**What you are asked to do**: Would you please copy only the lines from the line that contains "geethika-tiwary-stills-2-2.jpg" to the end of the data below, exactly, leaving every picture out?

**Recorded information**:

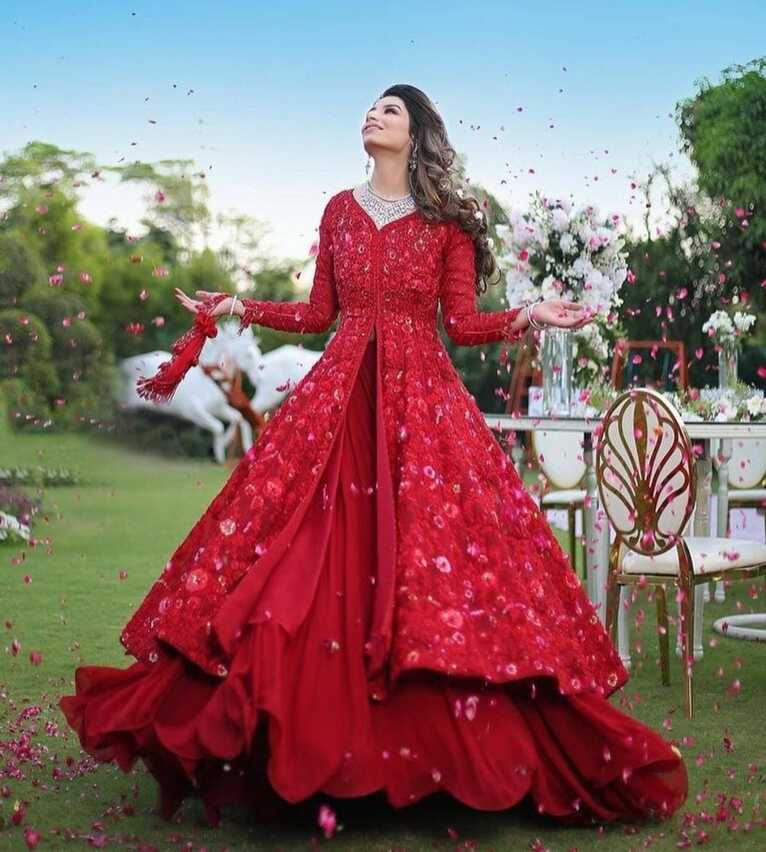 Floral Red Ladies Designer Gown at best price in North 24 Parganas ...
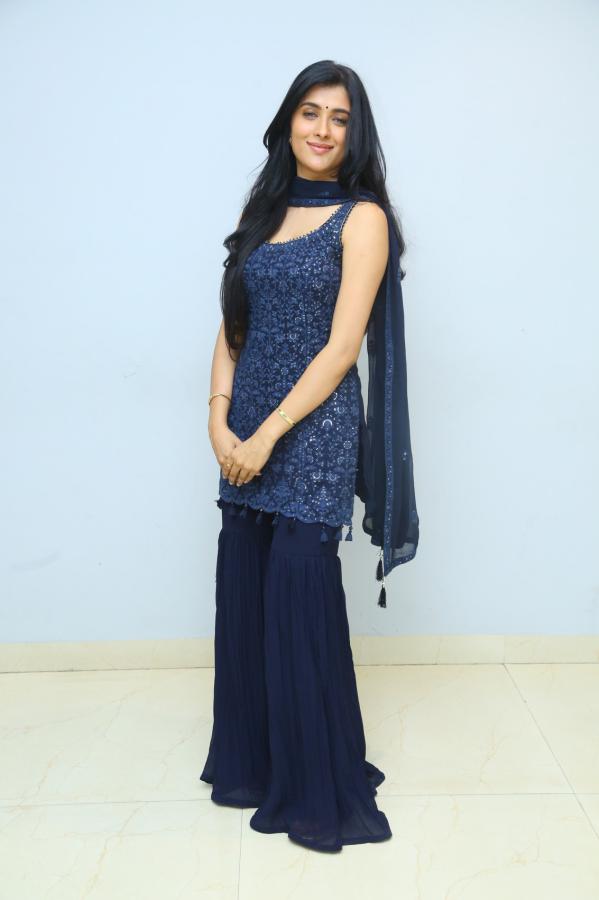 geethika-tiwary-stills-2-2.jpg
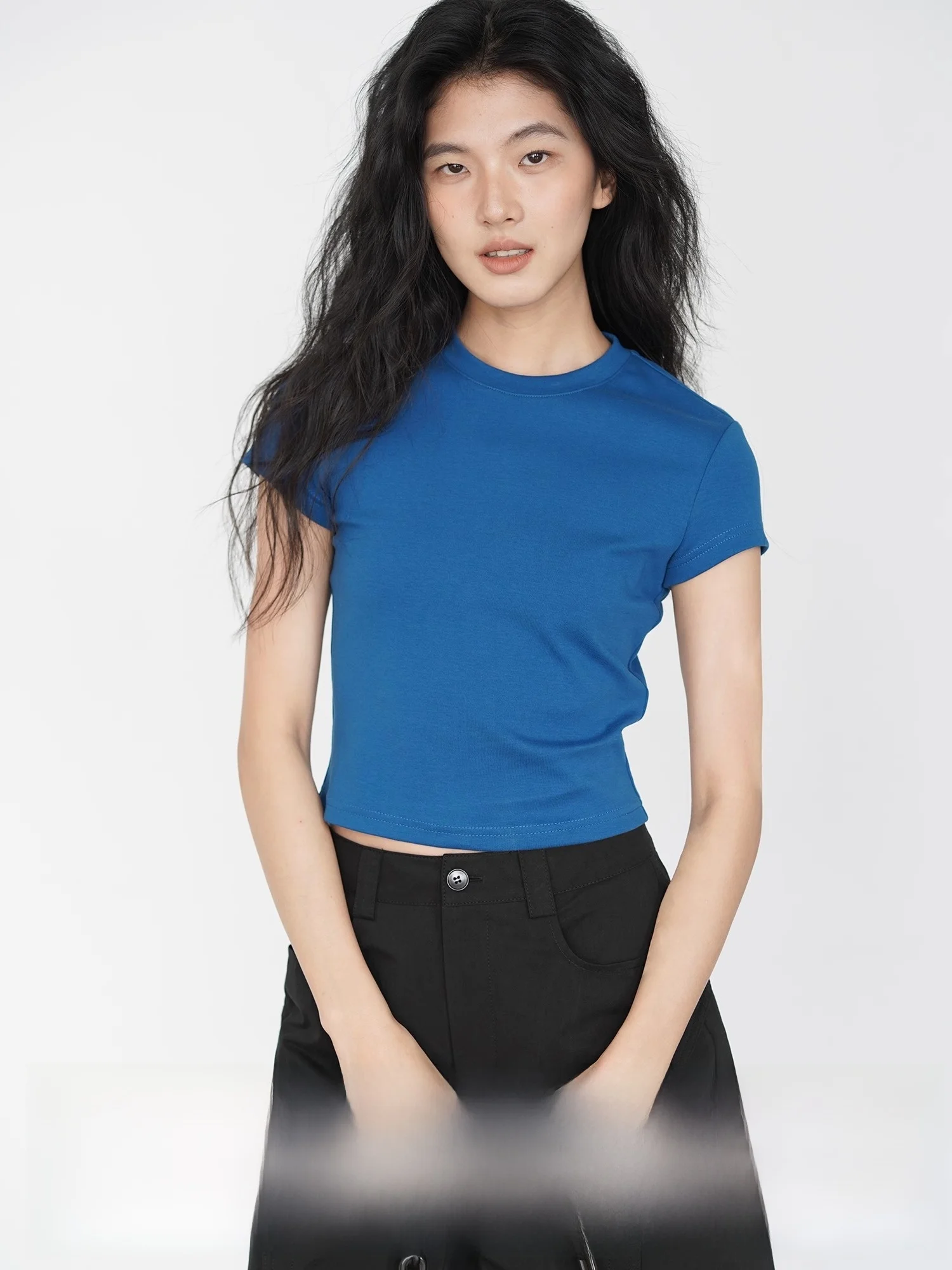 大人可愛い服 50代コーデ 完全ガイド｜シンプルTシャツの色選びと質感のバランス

**Response area**:
 geethika-tiwary-stills-2-2.jpg
 大人可愛い服 50代コーデ 完全ガイド｜シンプルTシャツの色選びと質感のバランス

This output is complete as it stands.